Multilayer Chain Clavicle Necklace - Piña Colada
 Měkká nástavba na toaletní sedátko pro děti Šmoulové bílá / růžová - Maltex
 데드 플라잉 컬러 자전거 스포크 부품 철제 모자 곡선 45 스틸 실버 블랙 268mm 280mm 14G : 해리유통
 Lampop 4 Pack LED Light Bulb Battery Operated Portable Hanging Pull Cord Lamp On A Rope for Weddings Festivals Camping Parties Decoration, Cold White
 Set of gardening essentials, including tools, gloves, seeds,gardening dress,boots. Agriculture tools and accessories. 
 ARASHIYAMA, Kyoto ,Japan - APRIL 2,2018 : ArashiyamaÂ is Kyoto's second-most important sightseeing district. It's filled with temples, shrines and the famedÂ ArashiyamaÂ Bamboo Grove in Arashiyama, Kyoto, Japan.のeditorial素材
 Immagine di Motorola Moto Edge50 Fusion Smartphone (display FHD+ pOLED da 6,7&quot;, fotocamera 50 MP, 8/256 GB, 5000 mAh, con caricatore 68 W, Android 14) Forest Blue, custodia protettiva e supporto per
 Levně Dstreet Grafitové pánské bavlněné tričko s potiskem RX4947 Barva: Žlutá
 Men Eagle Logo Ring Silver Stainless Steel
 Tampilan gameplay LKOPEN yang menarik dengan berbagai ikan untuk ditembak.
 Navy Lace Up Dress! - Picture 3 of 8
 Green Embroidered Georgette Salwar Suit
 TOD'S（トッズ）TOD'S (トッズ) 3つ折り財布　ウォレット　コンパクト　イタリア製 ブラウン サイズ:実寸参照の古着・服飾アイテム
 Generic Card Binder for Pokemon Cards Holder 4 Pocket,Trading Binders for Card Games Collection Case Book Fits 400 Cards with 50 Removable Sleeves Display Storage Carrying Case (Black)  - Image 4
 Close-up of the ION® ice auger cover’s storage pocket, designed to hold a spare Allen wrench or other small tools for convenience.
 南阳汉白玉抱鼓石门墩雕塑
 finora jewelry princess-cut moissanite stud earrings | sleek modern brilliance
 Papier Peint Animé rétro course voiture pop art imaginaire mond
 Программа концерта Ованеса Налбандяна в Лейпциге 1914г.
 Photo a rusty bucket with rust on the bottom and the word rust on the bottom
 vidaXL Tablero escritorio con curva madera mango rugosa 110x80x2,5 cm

* * *

## What you are asked to do
Return every line holding the word "tools" from the records.

## Your response
 Set of gardening essentials, including tools, gloves, seeds,gardening dress,boots. Agriculture tools and accessories. 
 Close-up of the ION® ice auger cover’s storage pocket, designed to hold a spare Allen wrench or other small tools for convenience.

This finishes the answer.